Repeat exactly the lines from the start of the entries below through the line containing "Taburete de cambio". Omit the rest.

Items listed in a dataset
====
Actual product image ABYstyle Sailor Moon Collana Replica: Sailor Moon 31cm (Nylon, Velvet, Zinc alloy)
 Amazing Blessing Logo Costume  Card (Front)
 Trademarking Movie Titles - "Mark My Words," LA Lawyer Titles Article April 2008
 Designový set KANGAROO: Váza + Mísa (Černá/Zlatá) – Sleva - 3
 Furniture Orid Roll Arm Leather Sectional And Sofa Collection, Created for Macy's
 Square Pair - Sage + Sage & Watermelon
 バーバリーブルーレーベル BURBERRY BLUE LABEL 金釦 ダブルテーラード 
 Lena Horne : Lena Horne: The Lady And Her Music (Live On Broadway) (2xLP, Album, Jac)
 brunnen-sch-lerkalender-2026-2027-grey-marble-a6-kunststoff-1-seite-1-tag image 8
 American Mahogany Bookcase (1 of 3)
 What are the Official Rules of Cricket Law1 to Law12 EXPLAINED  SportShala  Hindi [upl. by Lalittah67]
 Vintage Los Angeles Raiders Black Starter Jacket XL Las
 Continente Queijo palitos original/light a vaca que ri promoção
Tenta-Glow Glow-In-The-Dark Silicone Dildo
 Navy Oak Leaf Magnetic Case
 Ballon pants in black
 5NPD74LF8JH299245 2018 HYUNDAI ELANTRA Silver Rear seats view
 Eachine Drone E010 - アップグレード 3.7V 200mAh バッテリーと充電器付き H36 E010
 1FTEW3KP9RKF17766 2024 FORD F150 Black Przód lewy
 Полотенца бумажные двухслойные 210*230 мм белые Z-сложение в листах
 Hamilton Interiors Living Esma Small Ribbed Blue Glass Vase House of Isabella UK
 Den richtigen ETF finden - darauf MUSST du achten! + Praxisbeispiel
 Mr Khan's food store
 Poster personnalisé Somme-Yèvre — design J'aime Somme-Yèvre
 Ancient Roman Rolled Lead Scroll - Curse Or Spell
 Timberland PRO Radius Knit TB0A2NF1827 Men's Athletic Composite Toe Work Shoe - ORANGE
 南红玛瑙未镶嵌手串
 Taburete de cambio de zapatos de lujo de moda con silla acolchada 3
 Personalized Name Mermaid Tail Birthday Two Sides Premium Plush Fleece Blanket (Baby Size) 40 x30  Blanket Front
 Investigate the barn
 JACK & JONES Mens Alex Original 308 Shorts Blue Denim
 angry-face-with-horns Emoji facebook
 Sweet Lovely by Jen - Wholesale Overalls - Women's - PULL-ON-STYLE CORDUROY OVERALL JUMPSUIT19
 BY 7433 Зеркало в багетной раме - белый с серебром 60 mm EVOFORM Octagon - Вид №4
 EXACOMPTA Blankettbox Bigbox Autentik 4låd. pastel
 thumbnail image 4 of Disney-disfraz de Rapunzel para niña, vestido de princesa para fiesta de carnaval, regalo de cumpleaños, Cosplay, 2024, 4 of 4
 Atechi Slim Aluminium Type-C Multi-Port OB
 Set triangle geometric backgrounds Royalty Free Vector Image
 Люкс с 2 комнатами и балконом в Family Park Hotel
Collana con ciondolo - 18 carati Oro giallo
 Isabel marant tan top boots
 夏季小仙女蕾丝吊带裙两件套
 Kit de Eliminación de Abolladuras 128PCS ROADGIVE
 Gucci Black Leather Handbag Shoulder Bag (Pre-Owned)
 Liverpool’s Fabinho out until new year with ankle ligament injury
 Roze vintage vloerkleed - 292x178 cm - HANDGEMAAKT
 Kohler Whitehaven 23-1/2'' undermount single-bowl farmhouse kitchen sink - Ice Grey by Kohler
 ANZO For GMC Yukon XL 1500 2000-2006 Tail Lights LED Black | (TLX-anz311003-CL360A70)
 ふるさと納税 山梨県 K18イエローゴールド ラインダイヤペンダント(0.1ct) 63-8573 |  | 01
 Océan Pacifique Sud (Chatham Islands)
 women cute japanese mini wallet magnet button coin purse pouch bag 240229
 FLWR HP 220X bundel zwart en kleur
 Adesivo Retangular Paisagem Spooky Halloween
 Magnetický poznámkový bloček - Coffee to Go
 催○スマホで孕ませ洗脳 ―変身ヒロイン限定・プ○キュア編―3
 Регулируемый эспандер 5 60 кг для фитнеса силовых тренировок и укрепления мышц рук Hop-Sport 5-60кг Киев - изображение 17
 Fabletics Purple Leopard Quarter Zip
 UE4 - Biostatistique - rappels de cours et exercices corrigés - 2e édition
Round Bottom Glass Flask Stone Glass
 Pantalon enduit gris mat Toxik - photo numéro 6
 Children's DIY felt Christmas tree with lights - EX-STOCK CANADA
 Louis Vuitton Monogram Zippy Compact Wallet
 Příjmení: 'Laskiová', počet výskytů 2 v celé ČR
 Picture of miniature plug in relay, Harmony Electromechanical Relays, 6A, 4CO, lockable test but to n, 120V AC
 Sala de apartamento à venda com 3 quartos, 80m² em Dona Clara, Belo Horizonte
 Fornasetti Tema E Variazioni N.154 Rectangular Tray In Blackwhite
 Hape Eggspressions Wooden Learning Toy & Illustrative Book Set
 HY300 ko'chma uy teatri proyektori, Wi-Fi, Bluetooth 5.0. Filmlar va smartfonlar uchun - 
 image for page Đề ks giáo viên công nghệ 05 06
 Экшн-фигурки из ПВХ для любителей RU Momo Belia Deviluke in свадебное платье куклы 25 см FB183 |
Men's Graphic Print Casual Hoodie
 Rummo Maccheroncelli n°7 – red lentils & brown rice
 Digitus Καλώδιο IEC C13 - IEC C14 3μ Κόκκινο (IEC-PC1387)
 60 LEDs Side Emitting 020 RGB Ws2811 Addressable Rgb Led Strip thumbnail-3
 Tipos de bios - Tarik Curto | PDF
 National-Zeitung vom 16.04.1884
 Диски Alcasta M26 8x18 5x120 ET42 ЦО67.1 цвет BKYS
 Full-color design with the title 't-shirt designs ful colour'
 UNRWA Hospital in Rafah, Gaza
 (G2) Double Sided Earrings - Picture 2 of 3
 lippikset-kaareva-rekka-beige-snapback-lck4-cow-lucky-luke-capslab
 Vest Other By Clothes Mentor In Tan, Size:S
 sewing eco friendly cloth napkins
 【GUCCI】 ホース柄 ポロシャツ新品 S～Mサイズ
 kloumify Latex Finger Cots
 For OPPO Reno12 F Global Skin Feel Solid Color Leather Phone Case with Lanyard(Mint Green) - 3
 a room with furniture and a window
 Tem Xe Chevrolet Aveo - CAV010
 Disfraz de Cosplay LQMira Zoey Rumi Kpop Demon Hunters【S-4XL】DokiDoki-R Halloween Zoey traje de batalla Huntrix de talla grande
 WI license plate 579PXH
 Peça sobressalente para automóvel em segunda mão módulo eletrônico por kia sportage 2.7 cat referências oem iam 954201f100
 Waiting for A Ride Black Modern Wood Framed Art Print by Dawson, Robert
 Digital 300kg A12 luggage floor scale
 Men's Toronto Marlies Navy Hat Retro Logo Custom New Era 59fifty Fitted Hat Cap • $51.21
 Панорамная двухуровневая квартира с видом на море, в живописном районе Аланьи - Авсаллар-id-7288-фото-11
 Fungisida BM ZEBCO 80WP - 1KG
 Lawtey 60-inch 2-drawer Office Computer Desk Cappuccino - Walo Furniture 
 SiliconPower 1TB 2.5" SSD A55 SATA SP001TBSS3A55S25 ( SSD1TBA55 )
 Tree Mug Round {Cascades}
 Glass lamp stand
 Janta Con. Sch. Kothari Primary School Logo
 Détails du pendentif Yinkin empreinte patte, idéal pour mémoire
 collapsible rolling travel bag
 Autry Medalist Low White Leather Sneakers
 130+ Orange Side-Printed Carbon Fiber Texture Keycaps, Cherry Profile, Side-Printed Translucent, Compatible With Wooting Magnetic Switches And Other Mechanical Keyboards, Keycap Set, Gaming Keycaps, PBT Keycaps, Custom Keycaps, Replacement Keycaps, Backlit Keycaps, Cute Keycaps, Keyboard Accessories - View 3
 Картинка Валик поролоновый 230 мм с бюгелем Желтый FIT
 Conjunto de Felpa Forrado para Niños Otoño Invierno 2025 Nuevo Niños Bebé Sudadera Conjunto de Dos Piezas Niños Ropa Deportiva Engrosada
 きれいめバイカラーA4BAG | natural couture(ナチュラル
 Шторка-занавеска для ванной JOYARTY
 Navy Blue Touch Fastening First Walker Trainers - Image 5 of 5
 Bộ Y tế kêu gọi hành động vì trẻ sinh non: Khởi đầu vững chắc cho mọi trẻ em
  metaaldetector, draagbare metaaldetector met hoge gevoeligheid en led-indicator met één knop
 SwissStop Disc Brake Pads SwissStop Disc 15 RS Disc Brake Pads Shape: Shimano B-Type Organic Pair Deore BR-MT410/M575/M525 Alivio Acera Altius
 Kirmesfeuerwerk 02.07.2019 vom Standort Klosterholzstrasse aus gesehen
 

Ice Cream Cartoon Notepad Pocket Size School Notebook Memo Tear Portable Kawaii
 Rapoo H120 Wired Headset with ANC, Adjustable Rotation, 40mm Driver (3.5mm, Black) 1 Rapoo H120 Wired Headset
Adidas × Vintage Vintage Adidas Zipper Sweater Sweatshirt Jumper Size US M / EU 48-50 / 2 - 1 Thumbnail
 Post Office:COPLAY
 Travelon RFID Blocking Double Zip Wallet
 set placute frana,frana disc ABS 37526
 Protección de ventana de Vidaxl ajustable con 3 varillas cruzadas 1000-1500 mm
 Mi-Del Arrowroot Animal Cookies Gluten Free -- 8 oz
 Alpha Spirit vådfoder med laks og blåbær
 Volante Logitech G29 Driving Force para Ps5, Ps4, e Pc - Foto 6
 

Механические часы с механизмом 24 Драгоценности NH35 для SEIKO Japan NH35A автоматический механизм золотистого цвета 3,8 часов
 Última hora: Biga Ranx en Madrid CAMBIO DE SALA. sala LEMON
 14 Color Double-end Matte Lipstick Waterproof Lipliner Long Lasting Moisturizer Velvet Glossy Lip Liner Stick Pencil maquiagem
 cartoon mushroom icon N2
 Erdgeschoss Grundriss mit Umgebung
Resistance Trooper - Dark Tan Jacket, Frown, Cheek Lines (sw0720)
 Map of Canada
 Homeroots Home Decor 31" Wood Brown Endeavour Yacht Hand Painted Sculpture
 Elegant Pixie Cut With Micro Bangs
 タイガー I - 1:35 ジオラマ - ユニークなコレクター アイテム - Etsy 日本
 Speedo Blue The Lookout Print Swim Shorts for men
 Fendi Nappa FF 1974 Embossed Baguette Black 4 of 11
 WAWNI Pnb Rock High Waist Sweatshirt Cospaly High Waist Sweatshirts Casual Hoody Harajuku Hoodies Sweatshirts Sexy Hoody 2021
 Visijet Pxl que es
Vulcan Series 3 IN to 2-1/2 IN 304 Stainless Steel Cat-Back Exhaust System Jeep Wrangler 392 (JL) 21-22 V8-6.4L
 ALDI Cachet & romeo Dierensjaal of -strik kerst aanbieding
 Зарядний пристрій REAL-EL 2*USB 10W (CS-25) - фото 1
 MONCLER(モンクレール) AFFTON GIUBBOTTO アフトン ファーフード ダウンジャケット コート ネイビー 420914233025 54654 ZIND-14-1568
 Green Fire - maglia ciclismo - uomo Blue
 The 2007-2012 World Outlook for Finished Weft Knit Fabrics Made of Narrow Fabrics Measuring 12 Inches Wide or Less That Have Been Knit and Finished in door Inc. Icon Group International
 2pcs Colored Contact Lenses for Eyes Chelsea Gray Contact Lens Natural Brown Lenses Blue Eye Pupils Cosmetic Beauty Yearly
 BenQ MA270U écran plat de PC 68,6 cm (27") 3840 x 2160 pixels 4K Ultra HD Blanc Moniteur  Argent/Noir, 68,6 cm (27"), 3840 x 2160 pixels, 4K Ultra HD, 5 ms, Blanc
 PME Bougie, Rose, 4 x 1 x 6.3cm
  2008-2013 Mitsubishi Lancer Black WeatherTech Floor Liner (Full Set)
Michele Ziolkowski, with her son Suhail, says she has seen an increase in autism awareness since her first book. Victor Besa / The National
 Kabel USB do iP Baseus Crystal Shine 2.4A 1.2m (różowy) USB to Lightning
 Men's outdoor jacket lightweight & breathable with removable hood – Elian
====
= WRITTEN REPLY =
Actual product image ABYstyle Sailor Moon Collana Replica: Sailor Moon 31cm (Nylon, Velvet, Zinc alloy)
 Amazing Blessing Logo Costume  Card (Front)
 Trademarking Movie Titles - "Mark My Words," LA Lawyer Titles Article April 2008
 Designový set KANGAROO: Váza + Mísa (Černá/Zlatá) – Sleva - 3
 Furniture Orid Roll Arm Leather Sectional And Sofa Collection, Created for Macy's
 Square Pair - Sage + Sage & Watermelon
 バーバリーブルーレーベル BURBERRY BLUE LABEL 金釦 ダブルテーラード 
 Lena Horne : Lena Horne: The Lady And Her Music (Live On Broadway) (2xLP, Album, Jac)
 brunnen-sch-lerkalender-2026-2027-grey-marble-a6-kunststoff-1-seite-1-tag image 8
 American Mahogany Bookcase (1 of 3)
 What are the Official Rules of Cricket Law1 to Law12 EXPLAINED  SportShala  Hindi [upl. by Lalittah67]
 Vintage Los Angeles Raiders Black Starter Jacket XL Las
 Continente Queijo palitos original/light a vaca que ri promoção
Tenta-Glow Glow-In-The-Dark Silicone Dildo
 Navy Oak Leaf Magnetic Case
 Ballon pants in black
 5NPD74LF8JH299245 2018 HYUNDAI ELANTRA Silver Rear seats view
 Eachine Drone E010 - アップグレード 3.7V 200mAh バッテリーと充電器付き H36 E010
 1FTEW3KP9RKF17766 2024 FORD F150 Black Przód lewy
 Полотенца бумажные двухслойные 210*230 мм белые Z-сложение в листах
 Hamilton Interiors Living Esma Small Ribbed Blue Glass Vase House of Isabella UK
 Den richtigen ETF finden - darauf MUSST du achten! + Praxisbeispiel
 Mr Khan's food store
 Poster personnalisé Somme-Yèvre — design J'aime Somme-Yèvre
 Ancient Roman Rolled Lead Scroll - Curse Or Spell
 Timberland PRO Radius Knit TB0A2NF1827 Men's Athletic Composite Toe Work Shoe - ORANGE
 南红玛瑙未镶嵌手串
 Taburete de cambio de zapatos de lujo de moda con silla acolchada 3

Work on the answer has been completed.